Helical plateways and linings have been used or proposed for such applications to reduce vortex-induced vibrations. Plate passages and linings can be made to be effective regardless of the orientation of the current towards the marine element, but linings and plate passages usually increase the drag on such large marine elements to a significant extent.

There is thus a need for a low-resistance, VIV-reducing system suitable for deployment when protecting the hull of a stake-type offshore structure.

International patent publication WO 96/14473 discloses a stake platform comprising a deck, a float tank assembly comprising a first float section connected to the deck, and a second float section arranged below the first float section, and a counterweight arranged below the float tank assembly and connected with the flotation tank assembly using a counterweight-space structure.

It is a purpose of the invention to improve the known stake platform so that the vortex-induced vibrations and the drag are reduced.

For this purpose, a stake platform of the above-mentioned type has been provided which, according to the invention, is characterized by the fact that the floating tank assembly further comprises a floating section space construction which connects the first and second floating sections in a way that provides a horizontally extending space between the first and second floating sections.

By providing the space between the first and second flow sections, the correlation of vortex-induced vibrations between the individual sections is essentially interrupted, so that any remaining vortex-induced vibration is significantly reduced compared to the situation in which no space is present between the flow sections .

For completeness, reference should also be made to US Patent No. 3,951,086. This publication discloses a floating support structure comprising a deck having a number of columns rigidly attached to the deck. The columns have an upper, a central and a lower part, where the upper part is filled with air and the lower part is filled with water. The central portion has a reduced cross-section and connects the upper and lower portions of the column in a manner that allows a degree of relative movement between the upper and lower portions.
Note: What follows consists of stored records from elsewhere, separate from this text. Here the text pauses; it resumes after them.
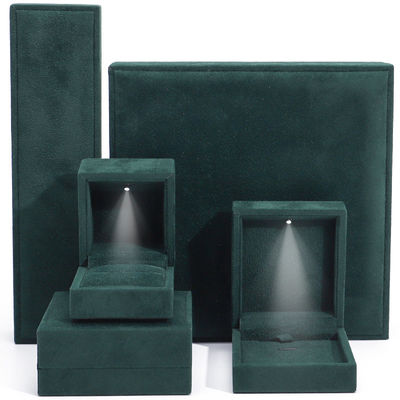 kopen Donkergroen Soft Touch Fluweel Luxe Juwelen Verpakkingsdoos met lichtend LED-licht online manufacture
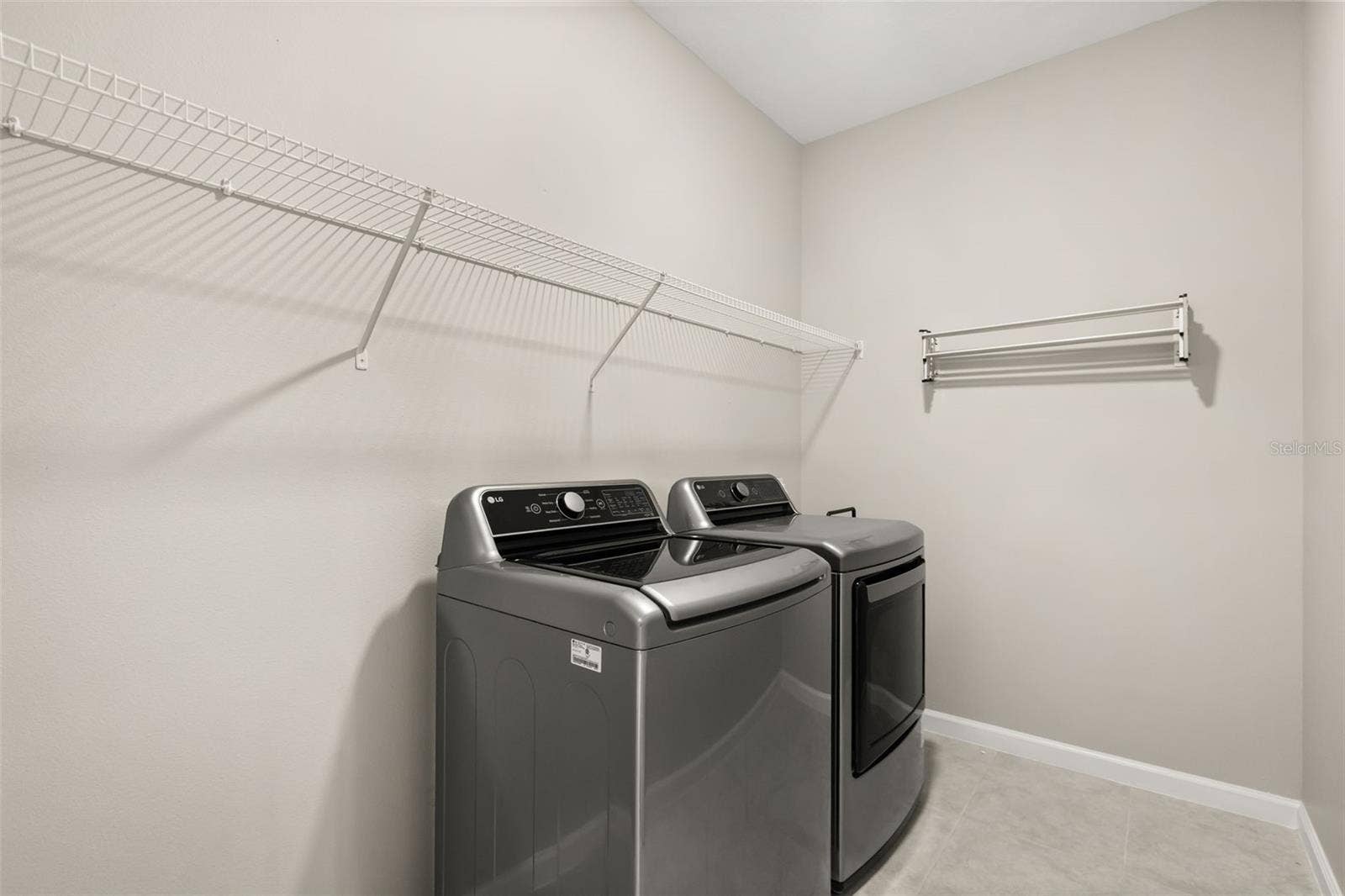 726 PORTER RYE AVENUE, Debary, FL 32713 726 PORTER RYE AVENUE, Debary, FL 32713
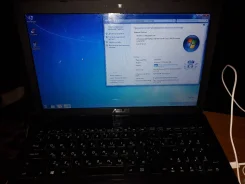 Asus X552. 2,2����, ��� 4 ��, ���� 500���, WiFi, Bluetooth, ����������� �� 2��.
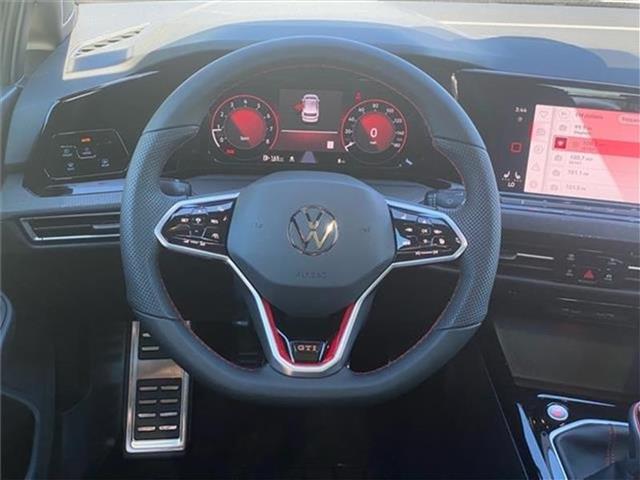 new 2024 Volkswagen Golf GTI car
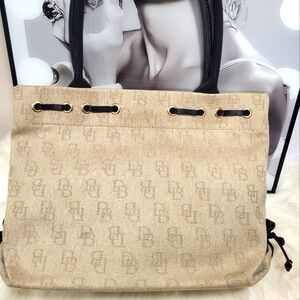 Dooney & Bourke Signature Satchel Tote Handbag Purse Can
With the stake platform according to the invention, a further reduction of vortex-induced vibration is achieved if the first and second floating sections have different outer diameters. The different flow sections then have different aspect ratios, and this characteristic further contributes to disturbing any correlation of vortex-induced vibration between the individual flow sections. The difference between the outer diameters of the first and second floating sections can suitably be between approx. 40 and 80% of the larger of the diameters.
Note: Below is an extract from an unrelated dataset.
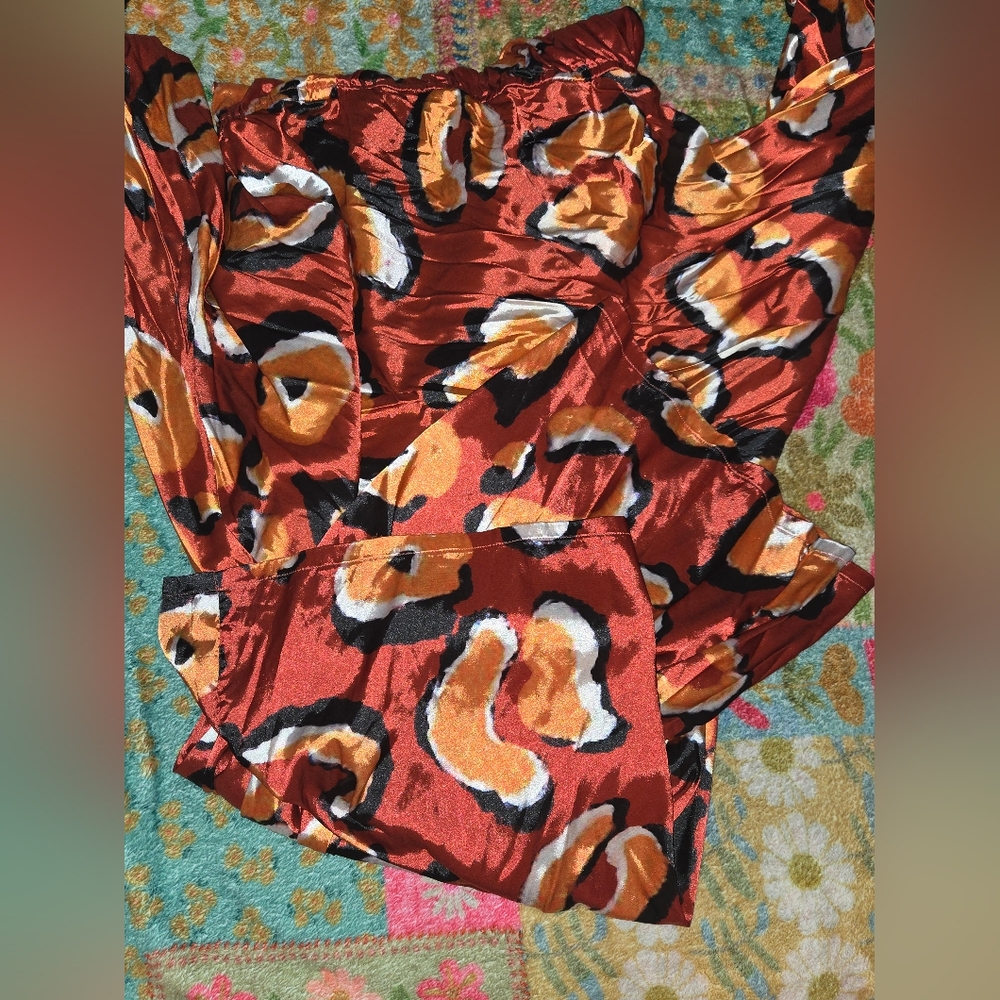 Pretty Little Thing - Leopard Jumpsuit - Picture 12 of 13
The above description, as well as further advantages of the invention will be more fully understood by reference to the following detailed description of the embodiments shown which should be read in conjunction with the accompanying drawings, where

fig. 1 shows a side view of an embodiment of a stake platform with separated buoyancy or buoyancy (English: spaced buoyancy) in accordance with the invention,

fig. 2 shows a cross-sectional view of the stake platform in fig. 1, after the line 2-2

on fig. 1,

fig. 3 shows a side view of an alternative embodiment of a stake platform with separate buoyancy in accordance with the invention,

fig. 4 shows a cross-sectional view of the stake platform in fig. 3, after the line 4-4

on fig. 3,

fig. 5 shows a cross-sectional view of the stake platform in fig. 3, after the line 5-5

on fig. 3,

fig. 6 shows a cross-sectional view of the stake platform in fig. 3, after the line 6-6

on fig. 4,

fig. 7 shows a schematic sectional view of a riser system which is useful in embodiments of the invention,

fig. 8 shows a side view of a riser system deployed in an embodiment of the invention,

fig. 9 shows a side view of another embodiment of the invention, and

fig. 10 shows a side view of a mainly open truss in an embodiment of the invention.
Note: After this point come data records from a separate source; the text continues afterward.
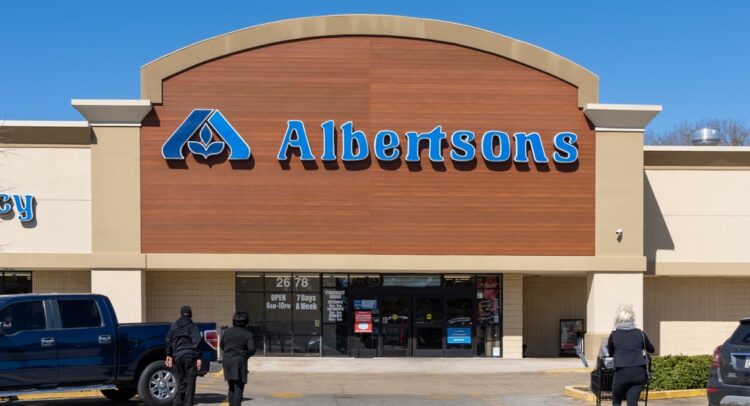 Albertsons (NYSE:ACI) демонстрирует уверенные результаты в третьем квартале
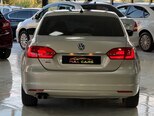 Volkswagen Jetta-6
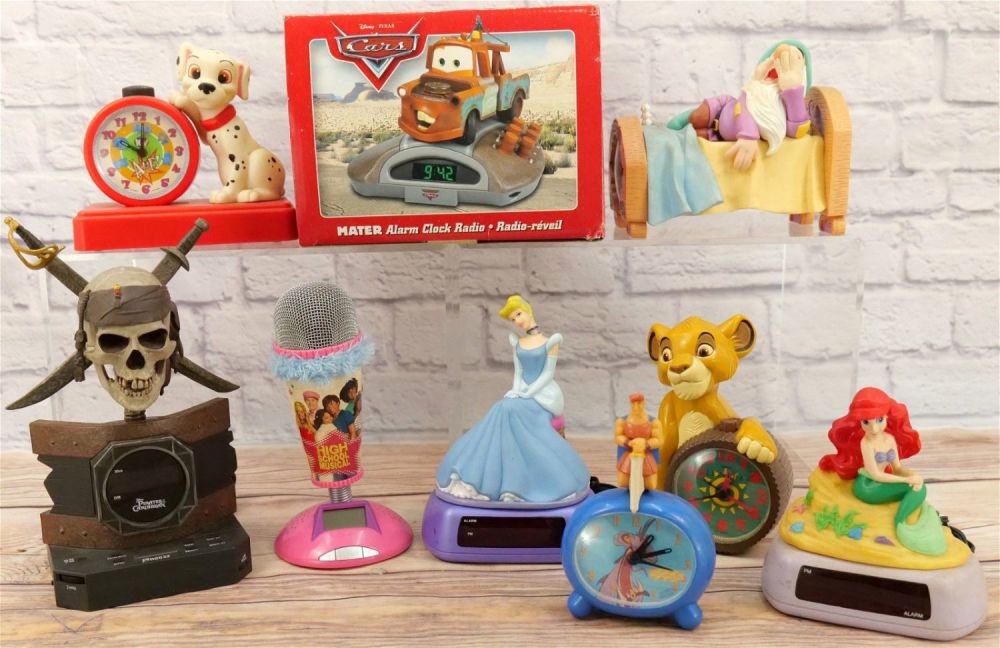 Lot 201: Lot of 9 Novelty Clocks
Fig. 1 shows a stake 10 in accordance with the invention. Stakers are a broad class of floating, moored offshore structures characterized by being resistant to heave movements and exhibiting an elongated, vertically oriented hull 14 which is floating at its top, here a floating tank assembly 15, and is ballasted at its bottom, here a counterweight 18, which is separated from the top via an intermediate structure or counterweight-space structure 20.

Such stakes can be deployed in many different sizes and configurations suitable for their intended purposes varying from drilling only, drilling and production, or production only. Figs. 1 and 2 show a drill stake, but those skilled in the art can readily adapt suitable stake configurations in accordance with the invention for production-only operations or for combined drilling and production operations as well as in the development of offshore hydrocarbon reserves.

In the illustrative example of fig. 1 and 2, the stake 10 supports a deck 12 with a hull 14 which has a number of mutually separated buoyancy or floating sections, here a first or upper floating section 14A and a second or lower floating section 14B. These float sections are separated by a float section spacer structure 28 to provide a substantially open, horizontally extending, vertical space 30 between adjacent float sections. The floating sections here have equal diameters and divide the floating tank assembly 15 into sections of essentially equal length below the water line 16. Furthermore, the height of the space 30 is largely equal to 10% of the diameter of the floating sections 14A and 14B.

A counterweight 18 is provided at the bottom of the stack and the counterweight is separated from the floating sections by a counterweight spacer structure 20. The counterweight 18 can be in any number of configurations, e.g. cylindrical, hexagonal, square, etc, as long as the geometry is suitable for connection to the counterweight space structure 20.1 this embodiment, the counterweight is rectangular, and the counterweight space structure is provided by means of a substantially open truss framework 20A.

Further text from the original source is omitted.